▶ _TO DO_: Without any images, output the records below verbatim.

Pictures with short captions
+ + + + +

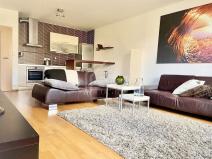 Pronájem bytu 2+kk, Praha - Žižkov, Kališnická, 57 m2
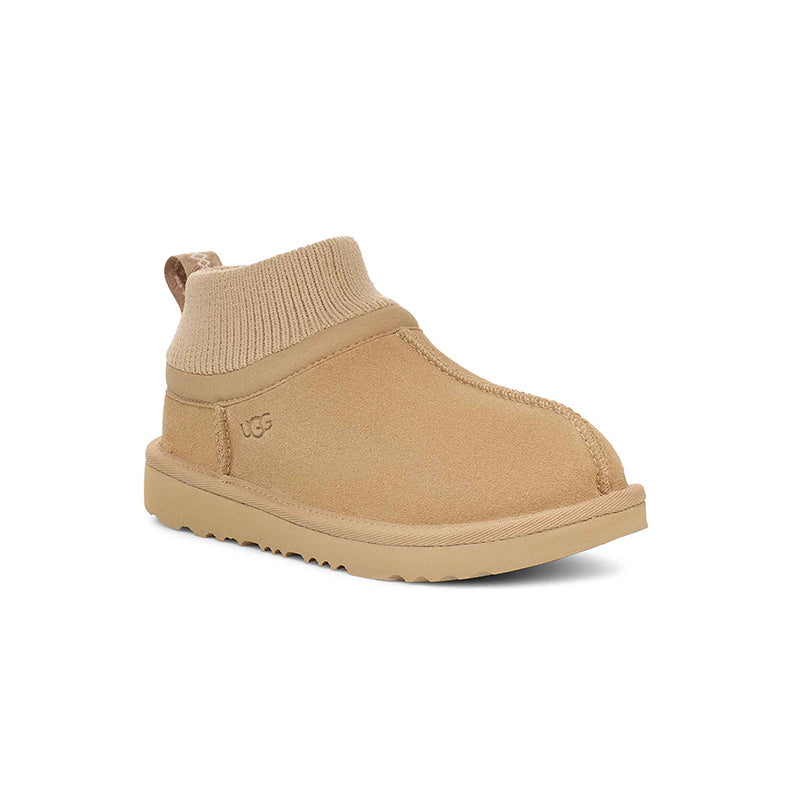 Kid's Preschool Classic Ultra Stretch Cuff Mustard Seed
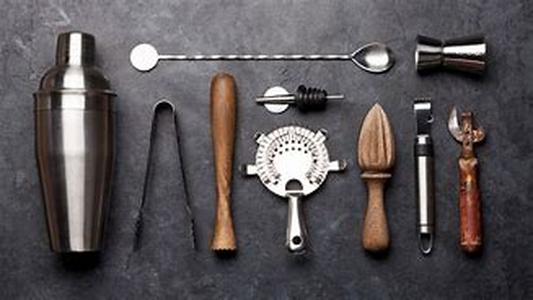 Eseential Bar Equipment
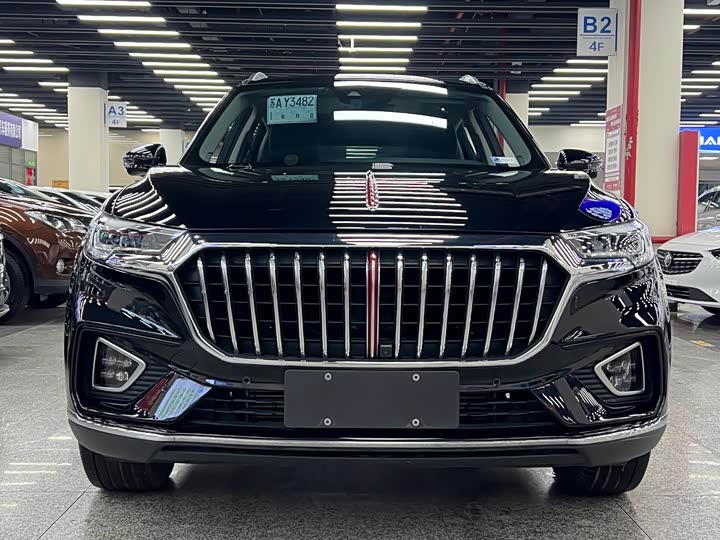 Фото 3 - Hongqi HS5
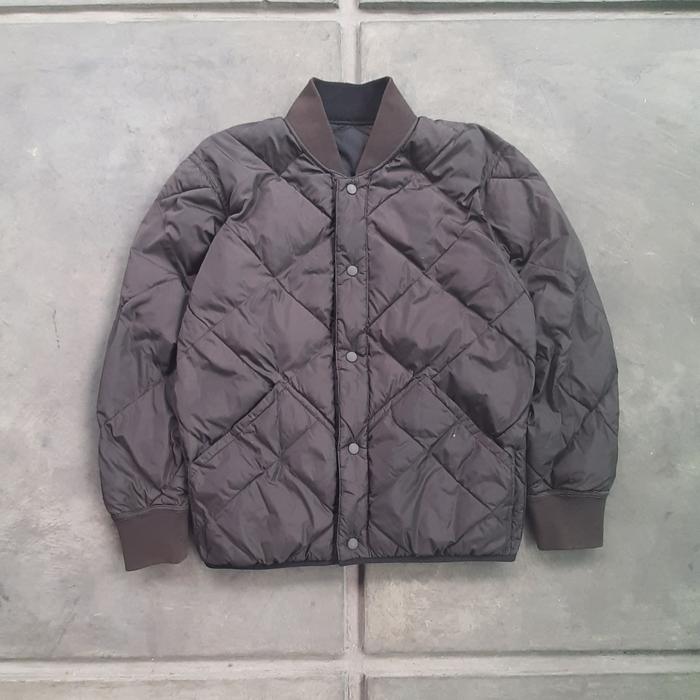 UNIQLO U REVERSIBLE WARM JACKET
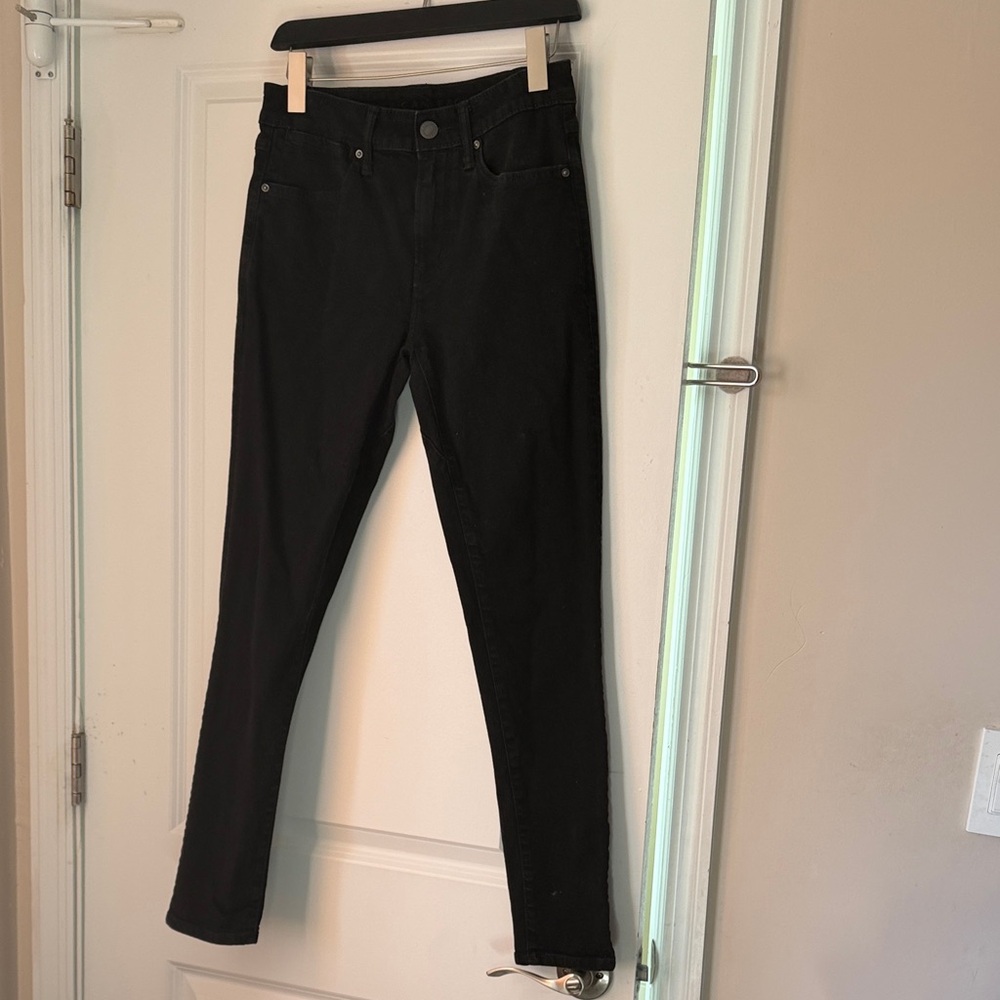 American Eagle Outfitters Black Slim Jeans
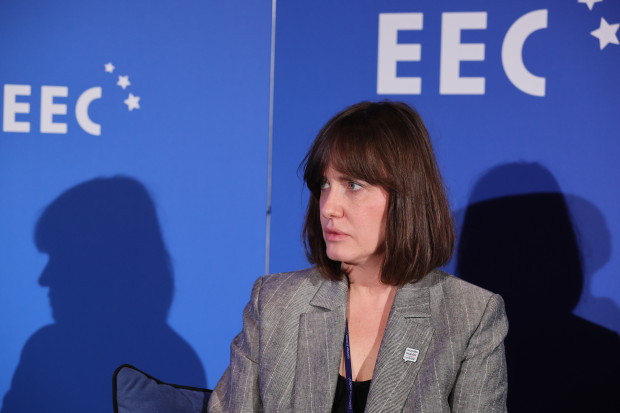 Karolina Sznajder, Chief Corporate Affairs Officer, RASP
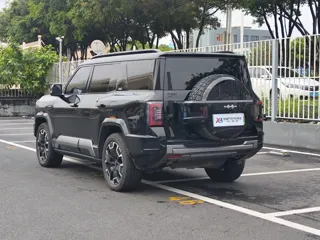 Fangchengbao Bao 8 2025 купить из Китая, цена 9 319 000 ₽ — Suifenhe Auto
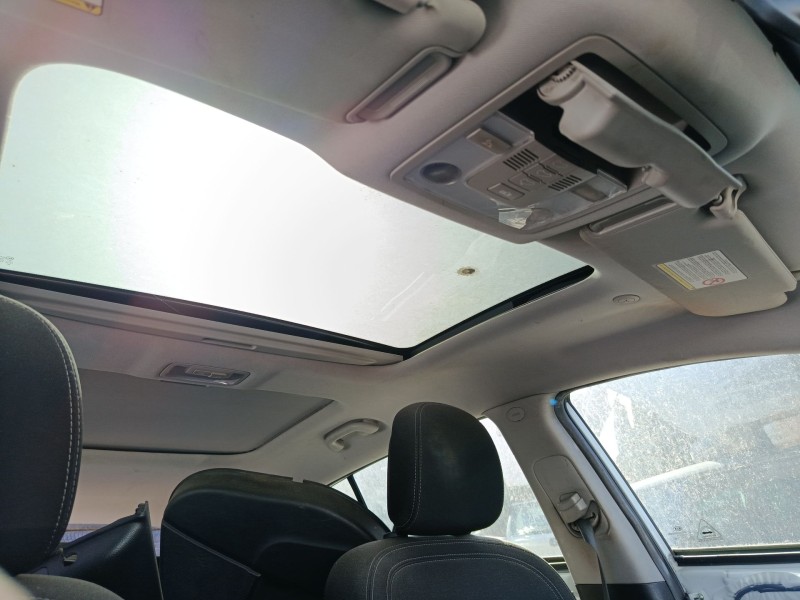 Recambio de luna techo solar para kia sportage referencia OEM IAM   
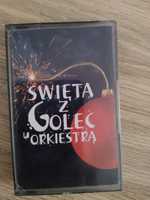 Kaseta magnetofonowa Golec Orkiestra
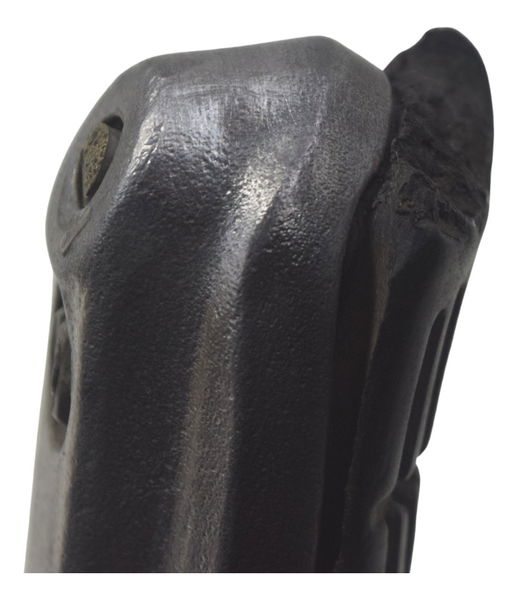 Pedaleira Dianteira Dir C/ Avaria Honda Cb 600f Hornet 08-11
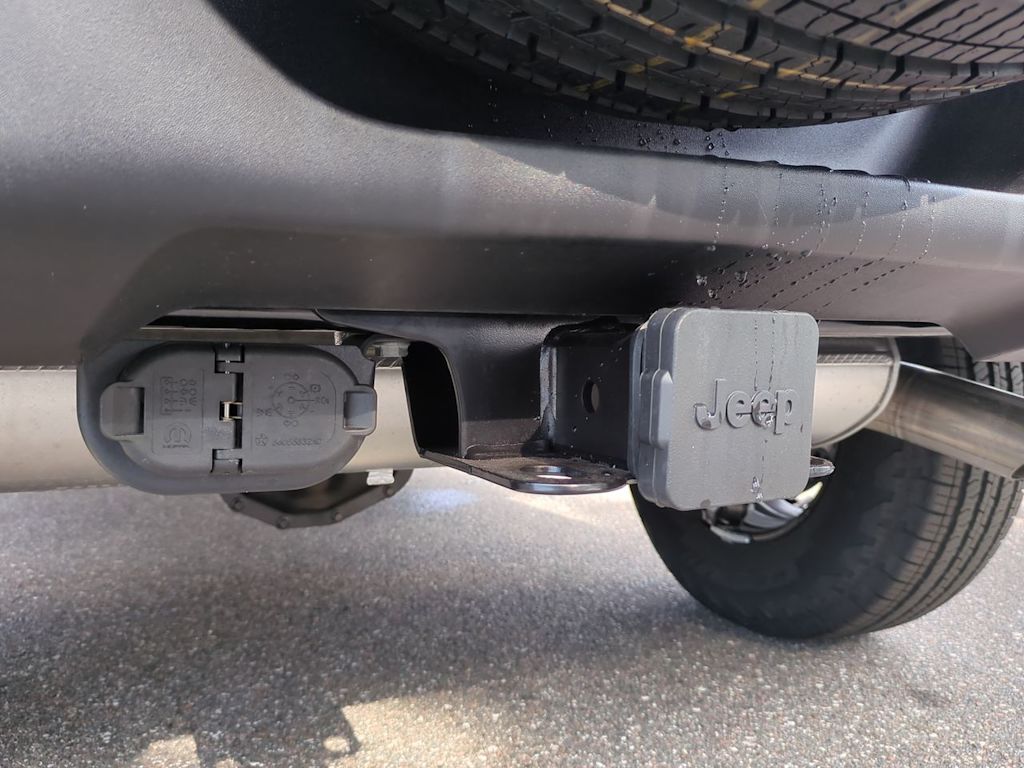 Thumbnail: 2026 Jeep Wrangler - 35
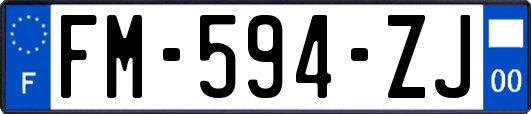 FM-594-ZJ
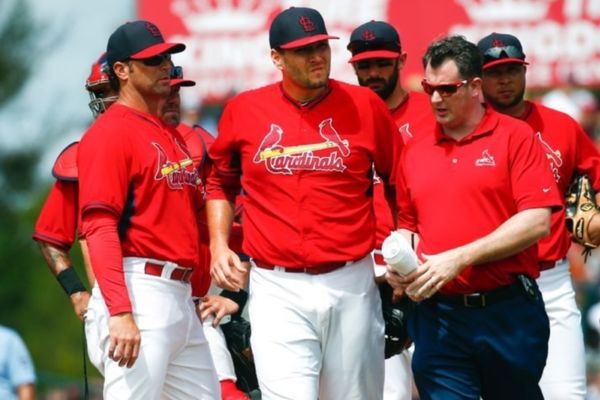 MLB: Τραυματισμός για Lance Lynn (videos)
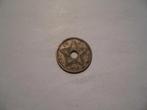 1 munt Belgisch Congo 10 cent 1910, Ophalen of Verzenden, Overige landen, Losse munt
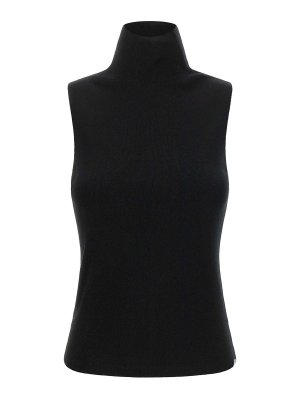 EXTREME CASHMERE: クルーネック - クルーネック - 黒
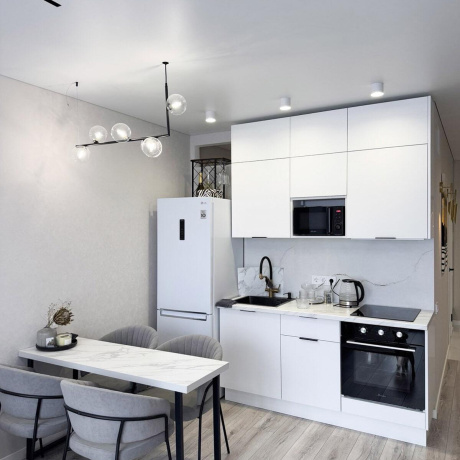 Фотография 2-комнатная квартира по адресу Макаенка ул., д. 12 к. Е - фото 2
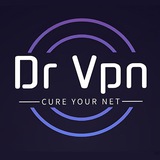 Telegram profile photo for Dr Vpn 💉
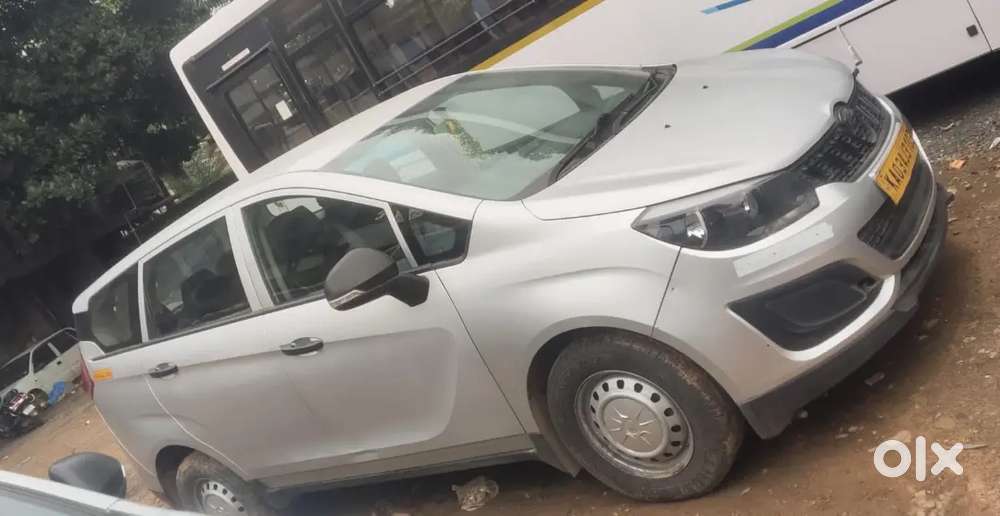 Mahindra Marazzo 2019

+ + + + +

▶ _OUTPUT_:
 Pronájem bytu 2+kk, Praha - Žižkov, Kališnická, 57 m2
 Kid's Preschool Classic Ultra Stretch Cuff Mustard Seed
 Eseential Bar Equipment
 Фото 3 - Hongqi HS5
 UNIQLO U REVERSIBLE WARM JACKET
 American Eagle Outfitters Black Slim Jeans
 Karolina Sznajder, Chief Corporate Affairs Officer, RASP
 Fangchengbao Bao 8 2025 купить из Китая, цена 9 319 000 ₽ — Suifenhe Auto
 Recambio de luna techo solar para kia sportage referencia OEM IAM   
 Kaseta magnetofonowa Golec Orkiestra
 Pedaleira Dianteira Dir C/ Avaria Honda Cb 600f Hornet 08-11
 Thumbnail: 2026 Jeep Wrangler - 35
 FM-594-ZJ
 MLB: Τραυματισμός για Lance Lynn (videos)
 1 munt Belgisch Congo 10 cent 1910, Ophalen of Verzenden, Overige landen, Losse munt
 EXTREME CASHMERE: クルーネック - クルーネック - 黒
 Фотография 2-комнатная квартира по адресу Макаенка ул., д. 12 к. Е - фото 2
 Telegram profile photo for Dr Vpn 💉
 Mahindra Marazzo 2019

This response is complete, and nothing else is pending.